В похоронке написано, что отец погиб в ноябре, а в справке из архива, которую я получила по запросу много позже, указано 29 сентября. И сказано в этой справке, что он «похоронен в могиле 37, 1000 м северо-восточнее д. Орловка Городищенского р-на Сталинградской (ныне Волгоградской) области».
Сейчас от города, от знаменитого тракторного завода, до села Орловка - 15–20 минут на автобусе, практически это пригород. Здесь проходил рубеж, за который дрались до последнего патрона. У немцев было вдвое больше самолетов, и вчетверо – танков. 26 августа 1942 года они начали тут всё бомбить и утюжить. От села ничего не осталось. В этом огне сгорали новые и новые дивизионы, артбатальоны, стрелковые подразделения. 3 сентября в бои вступила 115-я Особая стрелковая бригада, где политруком служил отец. 29 сентября была самая страшная бомбежка.
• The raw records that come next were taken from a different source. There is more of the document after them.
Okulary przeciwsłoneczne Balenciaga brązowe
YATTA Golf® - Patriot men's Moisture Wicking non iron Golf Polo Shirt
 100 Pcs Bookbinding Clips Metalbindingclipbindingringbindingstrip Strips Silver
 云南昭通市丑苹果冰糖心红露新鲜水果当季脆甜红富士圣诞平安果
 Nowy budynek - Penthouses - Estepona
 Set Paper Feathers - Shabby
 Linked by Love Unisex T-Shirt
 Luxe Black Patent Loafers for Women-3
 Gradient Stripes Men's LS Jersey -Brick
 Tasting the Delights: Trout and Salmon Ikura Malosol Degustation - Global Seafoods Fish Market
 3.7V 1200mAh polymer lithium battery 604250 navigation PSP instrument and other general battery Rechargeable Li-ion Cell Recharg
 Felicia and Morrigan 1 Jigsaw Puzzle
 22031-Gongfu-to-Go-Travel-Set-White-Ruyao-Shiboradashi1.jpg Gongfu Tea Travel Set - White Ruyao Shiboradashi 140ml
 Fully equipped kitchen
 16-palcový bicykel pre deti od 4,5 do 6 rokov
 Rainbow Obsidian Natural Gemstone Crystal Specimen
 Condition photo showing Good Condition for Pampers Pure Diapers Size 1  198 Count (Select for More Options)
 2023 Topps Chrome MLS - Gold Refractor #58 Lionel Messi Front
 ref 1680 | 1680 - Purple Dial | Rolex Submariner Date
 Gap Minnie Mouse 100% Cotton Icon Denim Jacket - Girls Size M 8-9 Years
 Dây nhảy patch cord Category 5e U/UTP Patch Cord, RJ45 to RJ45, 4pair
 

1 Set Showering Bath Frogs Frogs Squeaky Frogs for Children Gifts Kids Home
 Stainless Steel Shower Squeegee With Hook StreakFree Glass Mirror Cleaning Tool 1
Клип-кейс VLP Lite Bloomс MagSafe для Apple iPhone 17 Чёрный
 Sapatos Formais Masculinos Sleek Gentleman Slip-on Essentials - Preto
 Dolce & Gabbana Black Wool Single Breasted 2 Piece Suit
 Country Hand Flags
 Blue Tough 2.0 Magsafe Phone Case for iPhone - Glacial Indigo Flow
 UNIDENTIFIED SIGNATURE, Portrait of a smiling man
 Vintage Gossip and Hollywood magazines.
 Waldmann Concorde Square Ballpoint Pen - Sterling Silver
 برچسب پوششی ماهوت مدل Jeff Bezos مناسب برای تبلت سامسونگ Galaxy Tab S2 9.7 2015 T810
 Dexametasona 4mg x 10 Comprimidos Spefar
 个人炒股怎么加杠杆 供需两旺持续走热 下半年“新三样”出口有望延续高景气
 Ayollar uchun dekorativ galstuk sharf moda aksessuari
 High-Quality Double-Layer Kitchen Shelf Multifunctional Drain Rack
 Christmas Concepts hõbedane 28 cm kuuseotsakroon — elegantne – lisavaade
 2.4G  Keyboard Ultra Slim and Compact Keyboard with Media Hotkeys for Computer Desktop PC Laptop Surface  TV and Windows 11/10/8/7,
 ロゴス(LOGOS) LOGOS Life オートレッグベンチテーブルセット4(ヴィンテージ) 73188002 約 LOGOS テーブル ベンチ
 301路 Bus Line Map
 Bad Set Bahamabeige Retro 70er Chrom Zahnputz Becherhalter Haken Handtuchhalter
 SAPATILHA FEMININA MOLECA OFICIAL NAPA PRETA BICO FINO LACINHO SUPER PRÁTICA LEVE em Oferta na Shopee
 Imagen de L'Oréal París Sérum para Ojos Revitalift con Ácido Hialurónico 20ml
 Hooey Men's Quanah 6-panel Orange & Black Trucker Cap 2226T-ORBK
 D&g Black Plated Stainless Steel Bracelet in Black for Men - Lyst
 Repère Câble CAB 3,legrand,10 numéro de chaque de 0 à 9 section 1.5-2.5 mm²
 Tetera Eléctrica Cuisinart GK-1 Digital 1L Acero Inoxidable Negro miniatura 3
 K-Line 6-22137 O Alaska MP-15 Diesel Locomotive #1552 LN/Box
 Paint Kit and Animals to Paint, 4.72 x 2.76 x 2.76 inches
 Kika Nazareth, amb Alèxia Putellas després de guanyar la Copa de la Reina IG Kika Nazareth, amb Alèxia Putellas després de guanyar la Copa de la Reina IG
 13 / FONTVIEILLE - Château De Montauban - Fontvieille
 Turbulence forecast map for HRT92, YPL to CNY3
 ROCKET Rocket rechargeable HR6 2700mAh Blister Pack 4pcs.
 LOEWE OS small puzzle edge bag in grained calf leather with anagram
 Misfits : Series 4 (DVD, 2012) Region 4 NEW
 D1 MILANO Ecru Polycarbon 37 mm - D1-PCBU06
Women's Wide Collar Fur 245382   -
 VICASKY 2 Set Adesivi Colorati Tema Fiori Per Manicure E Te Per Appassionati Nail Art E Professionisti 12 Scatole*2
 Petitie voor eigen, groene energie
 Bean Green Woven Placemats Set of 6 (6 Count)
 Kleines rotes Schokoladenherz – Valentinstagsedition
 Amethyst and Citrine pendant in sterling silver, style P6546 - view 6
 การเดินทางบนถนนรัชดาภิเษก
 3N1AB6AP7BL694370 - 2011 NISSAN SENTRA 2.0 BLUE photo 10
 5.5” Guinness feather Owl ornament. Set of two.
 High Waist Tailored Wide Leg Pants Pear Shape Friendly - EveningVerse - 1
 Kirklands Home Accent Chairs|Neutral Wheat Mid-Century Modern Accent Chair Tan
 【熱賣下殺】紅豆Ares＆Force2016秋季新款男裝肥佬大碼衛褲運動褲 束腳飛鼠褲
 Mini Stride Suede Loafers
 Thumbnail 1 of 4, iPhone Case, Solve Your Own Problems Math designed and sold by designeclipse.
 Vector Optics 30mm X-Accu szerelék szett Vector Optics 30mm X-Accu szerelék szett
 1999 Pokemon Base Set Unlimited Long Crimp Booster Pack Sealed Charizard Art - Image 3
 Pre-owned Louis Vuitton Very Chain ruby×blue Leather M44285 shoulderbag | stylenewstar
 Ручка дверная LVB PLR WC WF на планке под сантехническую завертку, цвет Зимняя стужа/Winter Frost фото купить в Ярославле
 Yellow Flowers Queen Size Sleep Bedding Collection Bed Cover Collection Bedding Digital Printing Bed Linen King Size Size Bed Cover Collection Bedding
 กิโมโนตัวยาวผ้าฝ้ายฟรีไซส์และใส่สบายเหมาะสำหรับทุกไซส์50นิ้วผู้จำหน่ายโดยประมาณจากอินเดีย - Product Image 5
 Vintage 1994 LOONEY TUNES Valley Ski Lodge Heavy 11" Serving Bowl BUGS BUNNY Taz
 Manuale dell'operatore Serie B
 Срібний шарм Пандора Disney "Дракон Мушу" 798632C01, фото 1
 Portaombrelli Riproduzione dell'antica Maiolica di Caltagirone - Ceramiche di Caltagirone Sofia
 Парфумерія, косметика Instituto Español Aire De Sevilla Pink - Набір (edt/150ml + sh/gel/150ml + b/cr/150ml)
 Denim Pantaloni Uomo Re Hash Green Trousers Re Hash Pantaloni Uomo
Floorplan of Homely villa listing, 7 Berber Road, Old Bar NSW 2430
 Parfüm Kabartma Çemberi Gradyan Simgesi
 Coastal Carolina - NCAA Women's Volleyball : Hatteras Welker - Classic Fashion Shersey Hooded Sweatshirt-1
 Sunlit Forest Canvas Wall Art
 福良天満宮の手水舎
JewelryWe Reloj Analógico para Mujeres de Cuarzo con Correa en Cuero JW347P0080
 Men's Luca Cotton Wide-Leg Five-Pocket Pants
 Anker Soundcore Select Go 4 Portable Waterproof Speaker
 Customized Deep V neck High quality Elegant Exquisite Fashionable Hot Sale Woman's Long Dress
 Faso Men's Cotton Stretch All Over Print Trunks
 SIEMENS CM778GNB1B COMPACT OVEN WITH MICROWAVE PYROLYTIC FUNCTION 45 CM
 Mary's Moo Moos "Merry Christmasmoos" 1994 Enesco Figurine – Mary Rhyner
Невозможно представить, какая тут была мясорубка, что творилось тогда на этой земле, на этой улице, где сейчас стоят крепкие дома, цветет сирень… Сразу, как только вышибли немцев, какой-то взрослый инвалид нашел лошадь, созвал ребятишек, и они собирали останки бойцов в степи. А уже потом сюда свозили и останки погибших из разных окрестных захоронений, в том числе и из того, отцовского, №37. Сейчас стоит посреди села очень достойный мемориальный комплекс: высокий обелиск под березами и ряды «каменных страниц» - табличек с фамилиями погибших. Фамилий больше 3600, что ни год - добавляется новая страница. Вот и после моих поисков добавилась еще одна: на ней возвращенные к памяти имена, и третье сверху – «Сычев Г.Д.».
Говорят, плохо, когда близкие уходят неоплаканными. Ребенком я, конечно, не понимала размеров потери и не переживала так, как мама (отцовские письма все в разводах: это же ее слезы!). А вот теперь, над свежей табличкой, оплакала его по-настоящему. Увезла горсть сталинградской земли на мамину могилу, и на душе стало покойно: они вместе.
…Поначалу мне показалась очень сомнительной идея воспоминаний о войне тех, кому в войну-то и было всего-ничего. А потом я с идеей этой как-то свыклась. В конце концов, всё имеет свою ценность. Воспоминания о раннем детстве, пришедшемся на войну, - еще одно свидетельство ее жестокости к каждой конкретной семье, к каждой человеческой жизни. Это и свидетельство того, как в нужде и тяготах оберегали нас от бед наши мужественные молодые мамы, тогда как мы-то оставались просто детьми, со своими детскими радостями и глупостями.
Это возможность еще раз поклониться им вслед.